Mortuaries and Cremation Facilities

From an economic standpoint, choosing the institution to handle your burial or cremation is one of the most important decisions you can make. If you consider this issue now, you'll have to think about your options, shop around if necessary—and then make recommendations to your survivors. That said, you may also want to give your loved ones some leeway. Circumstances may change significantly by the time of your death—for example, you may move or an institution may go out of business. Your survivors may need some flexibility when it comes time to carry out your plans.
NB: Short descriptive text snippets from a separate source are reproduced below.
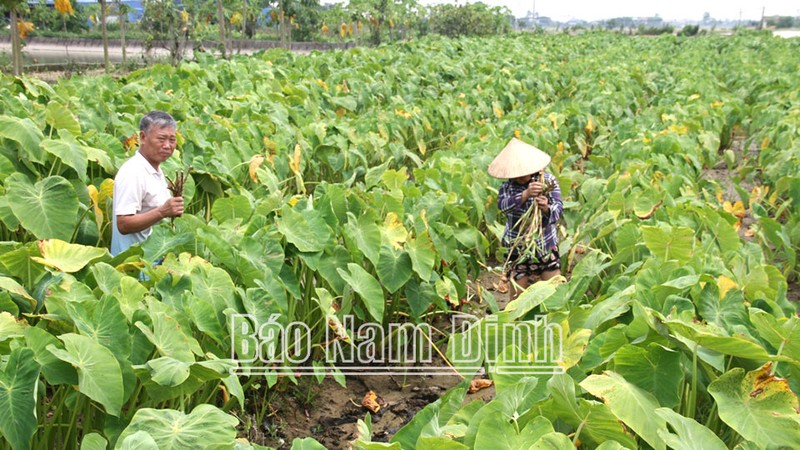 Trong loai cay “dac san, nong dan Nam Dinh co cua an cua de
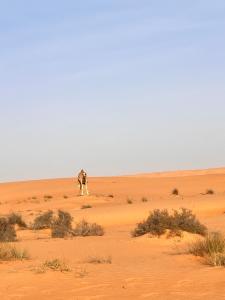 a camel walking in the desert at Tranquility Camp in Al Raka +7 photos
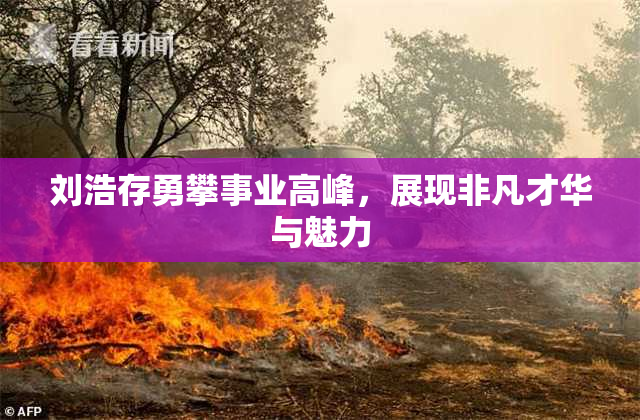 刘浩存勇攀事业高峰，展现非凡才华与魅力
A good mortuary is equipped to handle many of the details related to disposing of a person's remains. These include:

  • collecting the body from the place of death
  • storing it until burial or cremation
  • making arrangements for burial or cremation
  • conducting funeral ceremonies
  • preparing the body for burial or cremation, and
  • arranging to have the body transported for burial or cremation.

The mortuary can also help with administrative details, such as preparing an obituary and ordering copies of the death certificate.

If you wish to be cremated, the cremation facility may also be able to provide these services for you.

When you make your final arrangements document, you can suggest the mortuary or cremation facility you'd like your survivors to use. If you want your family to handle the disposition of your remains without involving a mortuary or cremation facility (this is rare, but it can be done), you may say so.

Below, you'll find more information on choosing the right facility— or taking a more independent approach.

Choosing a Facility

It is important that you find the mortuary or cremation facility that best meets your needs in terms of style, proximity, and cost. Comparison shopping is fairly easy because mortuaries and cremation facilities must by law give price lists to consumers who visit their facilities—and must disclose prices and other information to those who ask for it over the phone.

You can compare prices and services at local facilities before you make your choice. You may also consider joining a funeral consumer group, or memorial society, to make the task easier. These nonprofit groups can help you locate a mortuary and make other decisions and plans. For a small membership fee, you will receive information about local service providers, including costs. You can also take advantage of the society's discounted rates for funeral products and services.

To locate a group in your area, contact the Funeral Consumers Alliance (FCA) at or 802-865-8300. For help locating and evaluating cremation facilities, you may want to contact the Cremation Association of North America at or 312-245-1077.

Making Independent Plans

There is a trend in America for people to care for their own dead, minimizing or even eliminating the involvement of funeral industry personnel. This could mean everything from preparing the body to burying it or transporting it to the cremation facility.

Most states do allow individuals to act completely on their own. But there are rules about how people may proceed. For example, most states have laws that regulate the depth of a site for a body burial. A few states throw up roadblocks to acting independently, requiring that a funeral director handle the disposition of a deceased person.

If you are considering directing that a family member or friend handle your disposition independently, the following resources can help you make your plans:

  • The Funeral Consumers Alliance offers extensive resources to help you make your own plans.
  • Final Rights: Reclaiming the American Way of Death, by Joshua Slocum and Lisa Carlson (Upper Access, Inc.), is a guide to funeral planning that helps family and friends choose (and spend) wisely. The authors are leading consumer advocates in the funeral industry and provide a wealth of information, examples, and state-by-state law.
  • National Home Funeral Alliance provides information, insights, tips, and resources for home funerals.
  • Read information about state-specific home funeral laws on
  • You can also research your state's laws and common practices by contacting your state's health department or related agency that governs cemetery and funeral activities. To locate this department online, do a search for the name of your state and "health department."


When making your final arrangements document, you will be asked whether or not you want your body to be embalmed. Embalming is a process in which the blood is drained and replacement fluids are pumped into the body to temporarily retard its disintegration. While it has now become a common procedure, embalming is rarely necessary; refrigeration serves the same purpose.

Originally considered a barbaric and pagan ritual, embalming first gained popularity during the Civil War, when bodies of the war dead were transported over long distances. When the war ended, embalming was promoted (mostly by those who performed the service) as a hygienic means of briefly preserving a body.